Your goal: Every line from the one with "A number of" through the end of the entries below must be retyped exactly, and only those lines. The pictures are not part of the copy.

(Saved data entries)
■ ■ ■ ■ ■ ■ ■
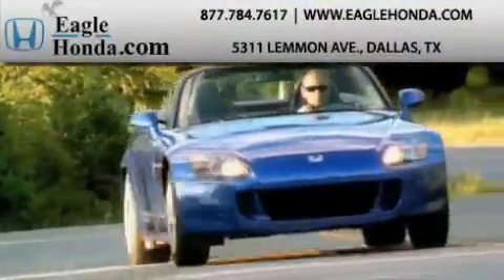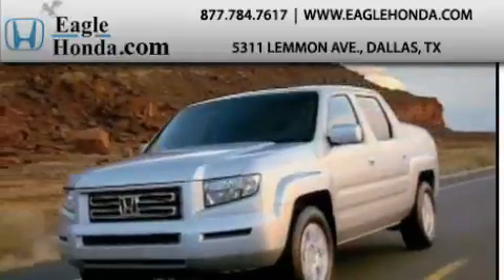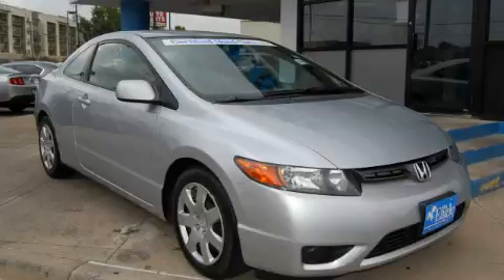Another fine vehicle offered by EagleHonda.com. This is a certified pre-owned 2008 Honda Civic.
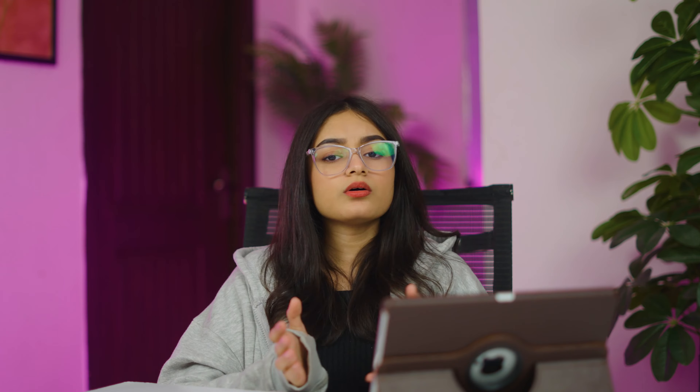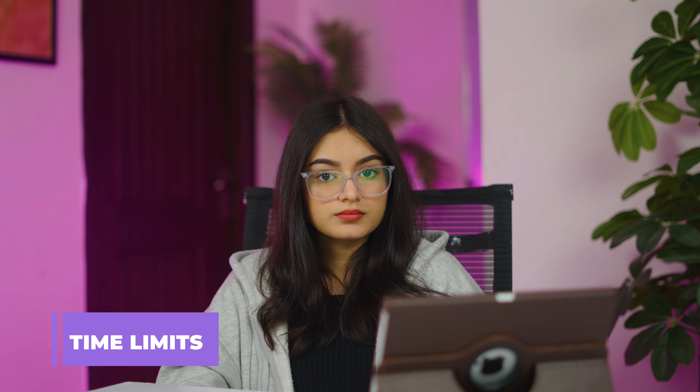What Disney Plus doesn't offer. As much as we want to believe that Disney Plus is a safe entertainment platform for our children, we need to admit that it has its limitations when it comes to parental controls. Time limits: Unlike other streaming services such as Netflix or YouTube Kids, Disney Plus does not have a feature that limits the amount of time kids spend watching. They do have a bedtime feature that places a placeholder on the screen so children know when it's time to turn it off. However, this does not stop them from continuing to watch.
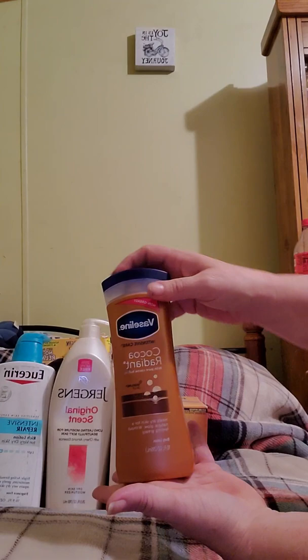Then I got these tampons for my granddaughter — 34 count — and this was a dollar fifty. It's by Kotex, called the U.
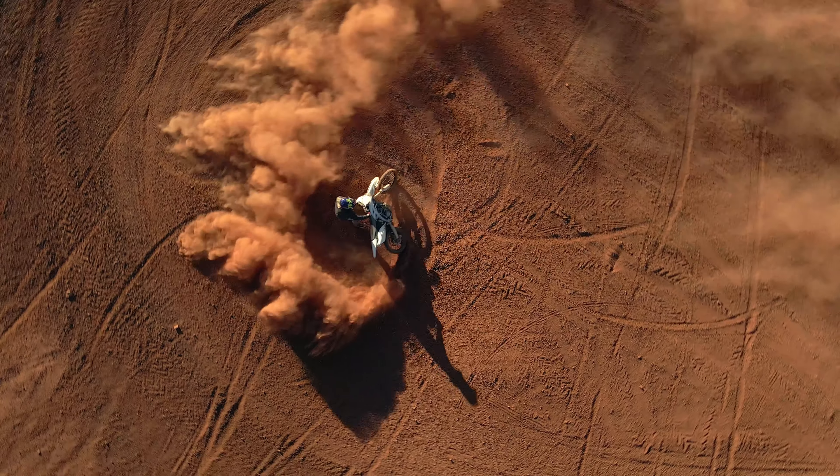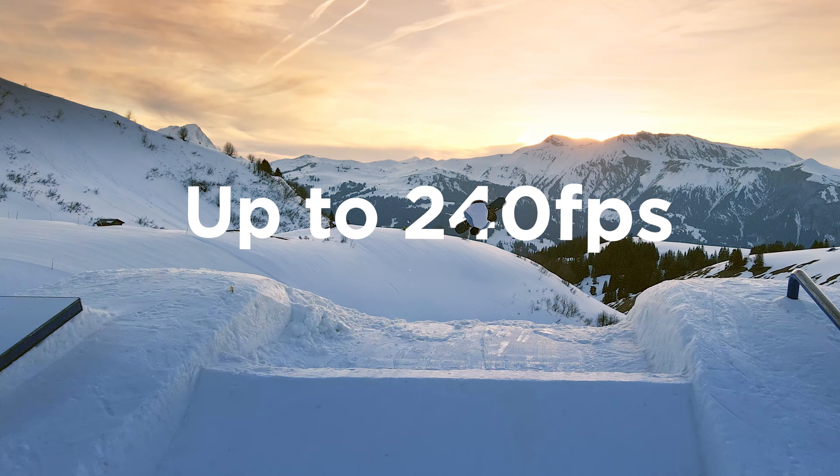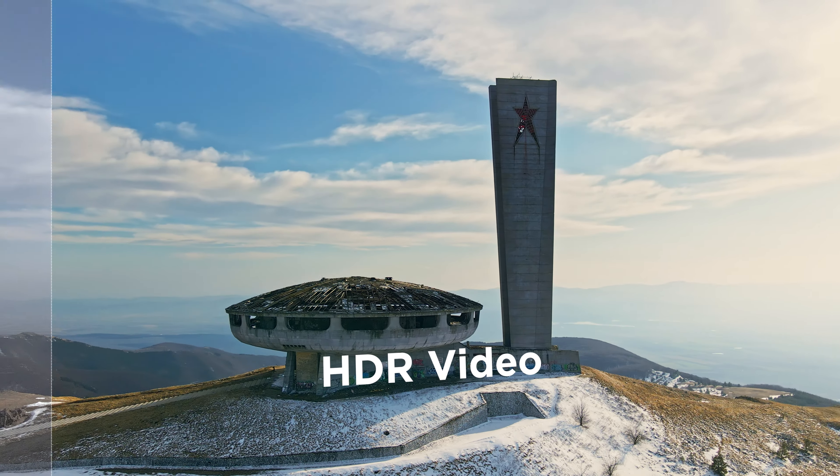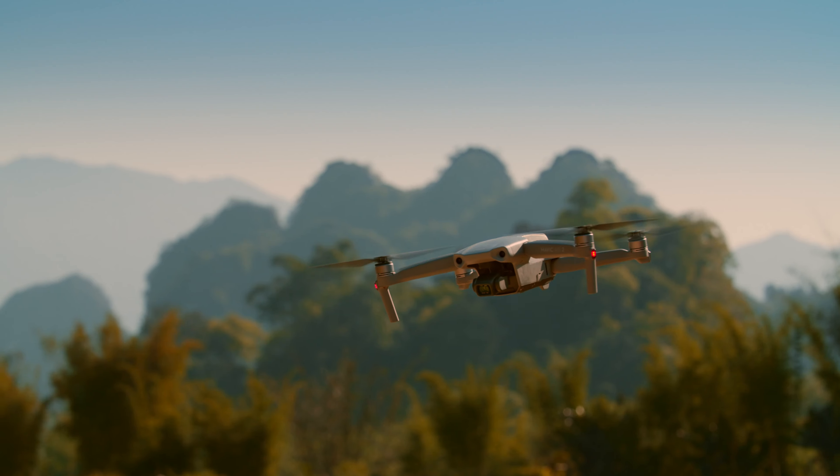This is Mavic Air 2. You may have some questions, like... so what's different? Well, let's start with the larger sensor. There's a lot more pixels — 48 megapixels to be exact.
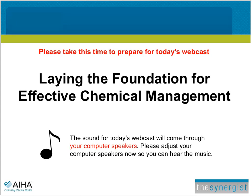Thank you, Regina, and welcome everyone to today's webinar, Laying the Foundation for Effective Chemical Management. I'm Ed Rakowski, Editor-in-Chief of the Synergist, the magazine of the American Industrial Hygiene Association. I'd like to thank all of our listeners for attending today's event, and especially SightHawk for sponsoring this webinar.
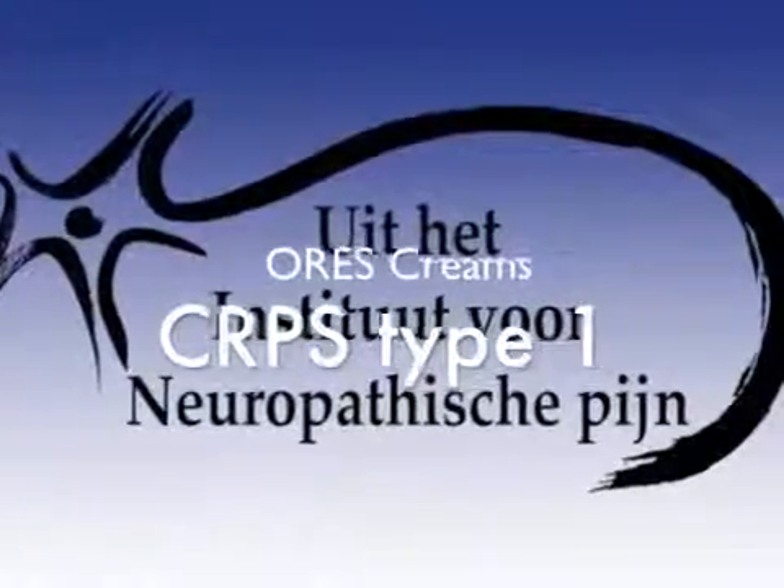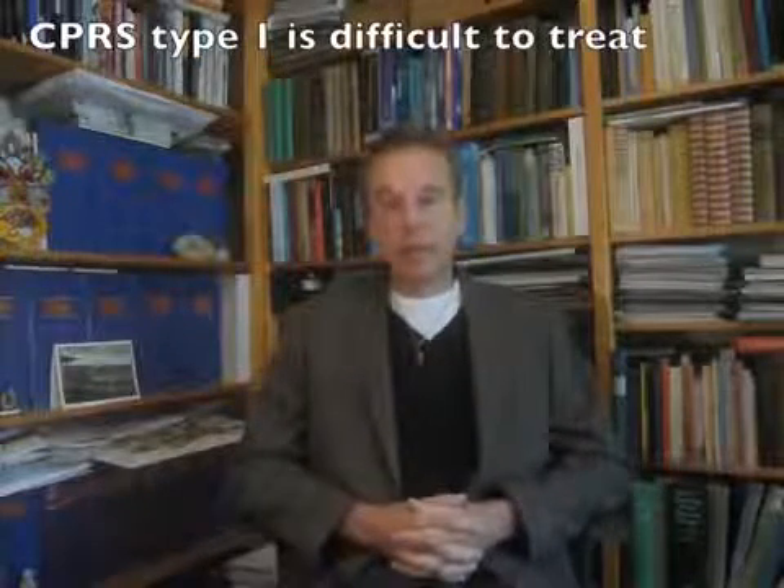CRPS type 1, previously called sudex dystrophy, is a chronic pain state which is very difficult to treat. Most of the time it's refractory to whatever doctors try to do. There is not one treatment for CRPS type 1 which is uniformly accepted as the best and effective treatment with acceptable side effects.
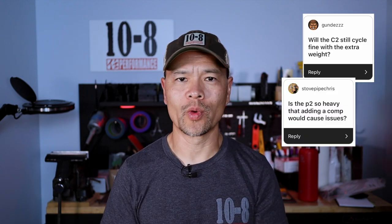A number of questions came in regarding the weight of the optic and how it may affect cycling on different guns. The Acro weighs 60 grams and the RMR weighs 34 grams, so it's almost twice as heavy as an open emitter optic. On this Gen 5 Glock 19 MOS with the P2 mounted, shooting 115-grain ammo, the recoil impulse is very soft — almost like having a compensator on there. So the weight is not transparent to the gun.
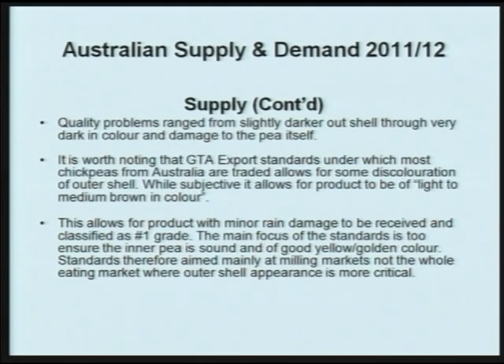Quality problems this year have ranged from slightly darker outer shells through very dark in colour and damage to the pea itself. It's worth noting that the GDA export standards under which most chickpeas from Australia are traded allows for some discolouration of the outer shell. It allows for product to be of light or medium brown in colour, which allows product with minor rain damage to be received and classified as number one grade. The main focus of the standard is to ensure that the inner pea is sound and of good yellow golden appearance. Standards are therefore really aimed at mainly the milling market, not the whole eating markets in Bangladesh and so forth, where outer shell appearance is more critical.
■ ■ ■ ■ ■ ■ ■
Written response:
A number of questions came in regarding the weight of the optic and how it may affect cycling on different guns. The Acro weighs 60 grams and the RMR weighs 34 grams, so it's almost twice as heavy as an open emitter optic. On this Gen 5 Glock 19 MOS with the P2 mounted, shooting 115-grain ammo, the recoil impulse is very soft — almost like having a compensator on there. So the weight is not transparent to the gun.
Quality problems this year have ranged from slightly darker outer shells through very dark in colour and damage to the pea itself. It's worth noting that the GDA export standards under which most chickpeas from Australia are traded allows for some discolouration of the outer shell. It allows for product to be of light or medium brown in colour, which allows product with minor rain damage to be received and classified as number one grade. The main focus of the standard is to ensure that the inner pea is sound and of good yellow golden appearance. Standards are therefore really aimed at mainly the milling market, not the whole eating markets in Bangladesh and so forth, where outer shell appearance is more critical.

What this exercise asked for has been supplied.